_WHAT TO DO_
Among the entries that follow, the required portion opens with the line containing "Zyia Active Leopard" and closes with the line containing "Кроссовки Nike Air". Give that portion again exactly, and nothing else.

_SUPPLIED ENTRIES_

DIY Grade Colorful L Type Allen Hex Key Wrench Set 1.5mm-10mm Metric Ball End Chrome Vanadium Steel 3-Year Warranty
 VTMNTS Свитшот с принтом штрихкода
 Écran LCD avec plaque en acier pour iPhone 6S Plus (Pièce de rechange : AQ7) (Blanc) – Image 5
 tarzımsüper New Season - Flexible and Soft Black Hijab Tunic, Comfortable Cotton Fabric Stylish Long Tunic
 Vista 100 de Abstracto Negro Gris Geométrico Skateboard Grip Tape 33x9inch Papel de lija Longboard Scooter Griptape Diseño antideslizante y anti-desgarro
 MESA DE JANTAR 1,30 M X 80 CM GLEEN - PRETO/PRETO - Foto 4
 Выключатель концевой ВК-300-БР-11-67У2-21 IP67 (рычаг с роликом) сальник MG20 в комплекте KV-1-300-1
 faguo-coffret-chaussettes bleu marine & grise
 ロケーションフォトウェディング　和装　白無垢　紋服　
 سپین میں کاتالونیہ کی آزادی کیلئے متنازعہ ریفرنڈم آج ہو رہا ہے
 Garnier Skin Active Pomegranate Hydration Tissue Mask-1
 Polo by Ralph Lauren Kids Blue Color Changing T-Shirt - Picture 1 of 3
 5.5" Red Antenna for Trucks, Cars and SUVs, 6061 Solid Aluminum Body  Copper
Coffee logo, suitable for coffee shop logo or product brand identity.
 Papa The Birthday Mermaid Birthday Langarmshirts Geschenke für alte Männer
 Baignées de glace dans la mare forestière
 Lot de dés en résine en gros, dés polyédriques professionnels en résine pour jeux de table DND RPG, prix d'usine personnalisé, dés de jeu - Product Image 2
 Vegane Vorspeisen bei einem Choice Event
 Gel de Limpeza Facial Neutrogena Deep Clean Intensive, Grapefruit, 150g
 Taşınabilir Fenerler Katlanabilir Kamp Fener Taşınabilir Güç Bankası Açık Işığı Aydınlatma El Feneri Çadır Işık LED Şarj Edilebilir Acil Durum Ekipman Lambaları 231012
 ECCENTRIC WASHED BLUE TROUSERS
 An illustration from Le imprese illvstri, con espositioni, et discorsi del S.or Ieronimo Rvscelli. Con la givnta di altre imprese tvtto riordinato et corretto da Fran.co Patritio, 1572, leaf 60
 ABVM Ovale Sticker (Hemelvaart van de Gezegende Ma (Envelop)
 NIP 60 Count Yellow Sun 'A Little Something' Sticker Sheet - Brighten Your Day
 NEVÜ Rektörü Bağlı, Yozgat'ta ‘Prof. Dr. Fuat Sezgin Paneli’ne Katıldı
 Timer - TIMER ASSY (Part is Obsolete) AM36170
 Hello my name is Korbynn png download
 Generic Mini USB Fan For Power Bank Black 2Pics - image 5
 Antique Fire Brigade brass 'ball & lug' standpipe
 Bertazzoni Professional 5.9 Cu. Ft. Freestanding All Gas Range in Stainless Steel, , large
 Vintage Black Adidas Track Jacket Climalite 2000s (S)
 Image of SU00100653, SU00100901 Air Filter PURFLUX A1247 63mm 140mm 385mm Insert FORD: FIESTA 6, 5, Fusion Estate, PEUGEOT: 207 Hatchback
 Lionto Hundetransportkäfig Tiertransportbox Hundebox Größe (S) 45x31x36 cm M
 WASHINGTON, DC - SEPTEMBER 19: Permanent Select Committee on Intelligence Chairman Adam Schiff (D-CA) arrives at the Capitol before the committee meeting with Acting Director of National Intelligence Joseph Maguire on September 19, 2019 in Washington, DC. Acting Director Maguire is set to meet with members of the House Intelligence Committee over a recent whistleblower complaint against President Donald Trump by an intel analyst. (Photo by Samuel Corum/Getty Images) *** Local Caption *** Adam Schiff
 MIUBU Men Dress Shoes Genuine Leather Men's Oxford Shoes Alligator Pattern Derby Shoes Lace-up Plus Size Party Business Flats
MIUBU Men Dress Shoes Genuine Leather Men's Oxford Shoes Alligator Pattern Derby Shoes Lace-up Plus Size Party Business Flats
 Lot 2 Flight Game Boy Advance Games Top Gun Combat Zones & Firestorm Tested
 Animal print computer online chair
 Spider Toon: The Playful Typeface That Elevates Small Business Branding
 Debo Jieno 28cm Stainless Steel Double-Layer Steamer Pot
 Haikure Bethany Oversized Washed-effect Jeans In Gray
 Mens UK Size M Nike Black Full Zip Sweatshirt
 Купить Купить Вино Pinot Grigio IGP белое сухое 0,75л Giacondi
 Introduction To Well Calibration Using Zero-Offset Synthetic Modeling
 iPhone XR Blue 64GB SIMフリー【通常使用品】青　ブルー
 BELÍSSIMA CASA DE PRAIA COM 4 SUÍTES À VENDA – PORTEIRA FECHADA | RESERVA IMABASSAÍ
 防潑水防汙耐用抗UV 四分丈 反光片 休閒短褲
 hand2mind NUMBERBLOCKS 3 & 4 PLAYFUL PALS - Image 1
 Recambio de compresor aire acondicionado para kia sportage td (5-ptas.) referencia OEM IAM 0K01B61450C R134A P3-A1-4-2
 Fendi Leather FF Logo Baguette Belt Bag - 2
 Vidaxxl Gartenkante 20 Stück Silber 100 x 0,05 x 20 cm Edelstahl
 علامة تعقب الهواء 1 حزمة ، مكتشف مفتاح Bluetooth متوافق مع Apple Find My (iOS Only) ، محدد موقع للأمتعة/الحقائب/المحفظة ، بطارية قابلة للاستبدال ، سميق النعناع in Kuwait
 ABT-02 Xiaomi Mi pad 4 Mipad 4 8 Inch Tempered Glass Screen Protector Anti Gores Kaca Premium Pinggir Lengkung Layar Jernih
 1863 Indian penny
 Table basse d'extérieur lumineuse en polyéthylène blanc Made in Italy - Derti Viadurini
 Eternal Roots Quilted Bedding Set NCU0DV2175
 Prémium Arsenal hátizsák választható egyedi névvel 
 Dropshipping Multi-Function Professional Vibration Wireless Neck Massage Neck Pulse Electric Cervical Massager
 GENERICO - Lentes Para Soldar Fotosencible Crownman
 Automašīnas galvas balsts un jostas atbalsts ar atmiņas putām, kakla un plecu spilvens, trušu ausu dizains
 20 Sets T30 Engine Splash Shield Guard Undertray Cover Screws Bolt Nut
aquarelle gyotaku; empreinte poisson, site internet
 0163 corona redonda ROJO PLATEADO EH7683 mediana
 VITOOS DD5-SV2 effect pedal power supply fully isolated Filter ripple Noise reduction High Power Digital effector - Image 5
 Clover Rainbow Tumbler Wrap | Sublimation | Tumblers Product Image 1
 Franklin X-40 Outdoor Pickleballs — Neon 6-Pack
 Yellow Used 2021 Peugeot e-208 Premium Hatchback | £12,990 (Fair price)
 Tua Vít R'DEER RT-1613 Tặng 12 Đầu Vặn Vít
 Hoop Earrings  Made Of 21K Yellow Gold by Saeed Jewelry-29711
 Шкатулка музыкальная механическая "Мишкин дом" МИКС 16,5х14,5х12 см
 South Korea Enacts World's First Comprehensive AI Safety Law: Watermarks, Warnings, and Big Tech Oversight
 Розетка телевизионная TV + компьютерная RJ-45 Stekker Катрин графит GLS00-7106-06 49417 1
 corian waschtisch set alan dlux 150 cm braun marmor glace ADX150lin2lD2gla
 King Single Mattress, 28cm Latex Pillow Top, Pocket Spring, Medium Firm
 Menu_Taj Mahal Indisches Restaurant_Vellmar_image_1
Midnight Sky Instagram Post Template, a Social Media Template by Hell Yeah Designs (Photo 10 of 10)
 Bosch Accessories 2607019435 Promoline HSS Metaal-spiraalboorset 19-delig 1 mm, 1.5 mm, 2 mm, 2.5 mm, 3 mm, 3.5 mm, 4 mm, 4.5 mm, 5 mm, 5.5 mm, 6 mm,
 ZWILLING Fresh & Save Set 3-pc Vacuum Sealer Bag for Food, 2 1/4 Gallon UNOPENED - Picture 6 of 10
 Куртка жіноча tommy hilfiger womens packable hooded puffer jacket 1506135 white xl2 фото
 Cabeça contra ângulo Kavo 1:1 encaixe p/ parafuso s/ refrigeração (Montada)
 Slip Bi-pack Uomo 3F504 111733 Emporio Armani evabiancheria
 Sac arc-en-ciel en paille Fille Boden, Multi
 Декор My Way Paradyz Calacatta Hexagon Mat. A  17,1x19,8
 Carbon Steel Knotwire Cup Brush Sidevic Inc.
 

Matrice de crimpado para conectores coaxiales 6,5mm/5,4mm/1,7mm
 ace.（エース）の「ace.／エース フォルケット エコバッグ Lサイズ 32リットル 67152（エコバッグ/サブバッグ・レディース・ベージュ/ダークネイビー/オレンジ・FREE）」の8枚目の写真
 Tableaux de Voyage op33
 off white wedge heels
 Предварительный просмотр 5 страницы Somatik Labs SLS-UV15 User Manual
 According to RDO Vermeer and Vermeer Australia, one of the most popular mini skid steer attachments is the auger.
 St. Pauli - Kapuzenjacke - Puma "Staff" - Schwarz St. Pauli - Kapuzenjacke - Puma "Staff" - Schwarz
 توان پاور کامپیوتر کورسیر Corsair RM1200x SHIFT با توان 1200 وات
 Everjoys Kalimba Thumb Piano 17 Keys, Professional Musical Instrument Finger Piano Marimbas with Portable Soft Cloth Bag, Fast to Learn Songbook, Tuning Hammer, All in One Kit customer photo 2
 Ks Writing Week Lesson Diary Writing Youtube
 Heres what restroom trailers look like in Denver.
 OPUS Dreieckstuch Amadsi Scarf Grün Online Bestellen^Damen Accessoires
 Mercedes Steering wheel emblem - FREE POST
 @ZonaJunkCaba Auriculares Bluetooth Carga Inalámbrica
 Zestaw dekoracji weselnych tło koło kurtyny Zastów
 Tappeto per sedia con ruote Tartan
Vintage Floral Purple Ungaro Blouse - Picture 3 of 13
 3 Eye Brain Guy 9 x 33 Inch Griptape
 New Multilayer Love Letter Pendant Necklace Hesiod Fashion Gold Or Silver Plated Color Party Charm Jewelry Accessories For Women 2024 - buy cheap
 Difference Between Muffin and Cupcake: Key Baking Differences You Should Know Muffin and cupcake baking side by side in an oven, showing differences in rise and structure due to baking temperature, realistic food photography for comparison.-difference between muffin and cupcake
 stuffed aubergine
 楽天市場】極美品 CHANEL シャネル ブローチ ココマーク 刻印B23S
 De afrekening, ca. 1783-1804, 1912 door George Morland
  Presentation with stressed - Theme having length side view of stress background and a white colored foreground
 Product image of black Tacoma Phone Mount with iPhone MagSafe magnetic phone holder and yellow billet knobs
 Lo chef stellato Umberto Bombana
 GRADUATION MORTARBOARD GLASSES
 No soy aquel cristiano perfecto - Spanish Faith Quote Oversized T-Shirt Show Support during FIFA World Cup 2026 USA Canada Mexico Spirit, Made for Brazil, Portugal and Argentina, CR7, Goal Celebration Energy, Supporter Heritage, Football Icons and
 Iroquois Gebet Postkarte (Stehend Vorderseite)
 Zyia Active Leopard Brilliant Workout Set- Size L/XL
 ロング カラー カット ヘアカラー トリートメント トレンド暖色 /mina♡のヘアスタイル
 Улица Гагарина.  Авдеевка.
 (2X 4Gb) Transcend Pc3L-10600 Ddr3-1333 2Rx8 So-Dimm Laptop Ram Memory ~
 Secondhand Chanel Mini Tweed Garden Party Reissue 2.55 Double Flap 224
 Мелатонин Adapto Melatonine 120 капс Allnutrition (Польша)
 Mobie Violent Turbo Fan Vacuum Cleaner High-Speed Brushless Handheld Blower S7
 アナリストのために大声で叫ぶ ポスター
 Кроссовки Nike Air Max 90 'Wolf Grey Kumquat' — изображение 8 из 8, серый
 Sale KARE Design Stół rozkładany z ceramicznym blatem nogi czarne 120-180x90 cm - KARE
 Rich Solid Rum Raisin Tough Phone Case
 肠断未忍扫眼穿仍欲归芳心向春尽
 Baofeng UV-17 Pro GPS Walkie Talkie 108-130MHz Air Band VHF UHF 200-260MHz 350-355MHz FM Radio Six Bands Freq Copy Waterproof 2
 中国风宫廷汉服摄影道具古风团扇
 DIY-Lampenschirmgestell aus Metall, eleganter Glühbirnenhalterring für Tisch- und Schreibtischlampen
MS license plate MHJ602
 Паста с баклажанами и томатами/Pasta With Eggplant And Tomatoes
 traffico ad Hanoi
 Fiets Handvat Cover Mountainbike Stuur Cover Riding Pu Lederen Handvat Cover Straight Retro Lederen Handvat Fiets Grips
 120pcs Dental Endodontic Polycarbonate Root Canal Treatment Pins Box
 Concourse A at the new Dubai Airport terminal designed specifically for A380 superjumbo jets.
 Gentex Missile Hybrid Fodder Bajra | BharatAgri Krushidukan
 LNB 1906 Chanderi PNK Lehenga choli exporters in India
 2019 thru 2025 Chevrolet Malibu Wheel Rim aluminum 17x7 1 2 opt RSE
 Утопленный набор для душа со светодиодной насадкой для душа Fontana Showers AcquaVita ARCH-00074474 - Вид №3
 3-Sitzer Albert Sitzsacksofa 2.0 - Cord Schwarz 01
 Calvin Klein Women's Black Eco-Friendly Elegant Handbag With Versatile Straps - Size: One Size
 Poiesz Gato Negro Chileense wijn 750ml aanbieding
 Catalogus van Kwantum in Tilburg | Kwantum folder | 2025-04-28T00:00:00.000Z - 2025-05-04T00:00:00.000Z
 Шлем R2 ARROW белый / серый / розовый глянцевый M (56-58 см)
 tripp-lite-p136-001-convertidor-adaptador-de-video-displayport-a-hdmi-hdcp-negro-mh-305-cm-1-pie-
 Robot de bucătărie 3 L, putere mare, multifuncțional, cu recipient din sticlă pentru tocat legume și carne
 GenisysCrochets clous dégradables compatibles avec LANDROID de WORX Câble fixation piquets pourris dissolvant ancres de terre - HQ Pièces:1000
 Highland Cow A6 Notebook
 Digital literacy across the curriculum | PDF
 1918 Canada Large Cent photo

_REPLY_
 Zyia Active Leopard Brilliant Workout Set- Size L/XL
 ロング カラー カット ヘアカラー トリートメント トレンド暖色 /mina♡のヘアスタイル
 Улица Гагарина.  Авдеевка.
 (2X 4Gb) Transcend Pc3L-10600 Ddr3-1333 2Rx8 So-Dimm Laptop Ram Memory ~
 Secondhand Chanel Mini Tweed Garden Party Reissue 2.55 Double Flap 224
 Мелатонин Adapto Melatonine 120 капс Allnutrition (Польша)
 Mobie Violent Turbo Fan Vacuum Cleaner High-Speed Brushless Handheld Blower S7
 アナリストのために大声で叫ぶ ポスター
 Кроссовки Nike Air Max 90 'Wolf Grey Kumquat' — изображение 8 из 8, серый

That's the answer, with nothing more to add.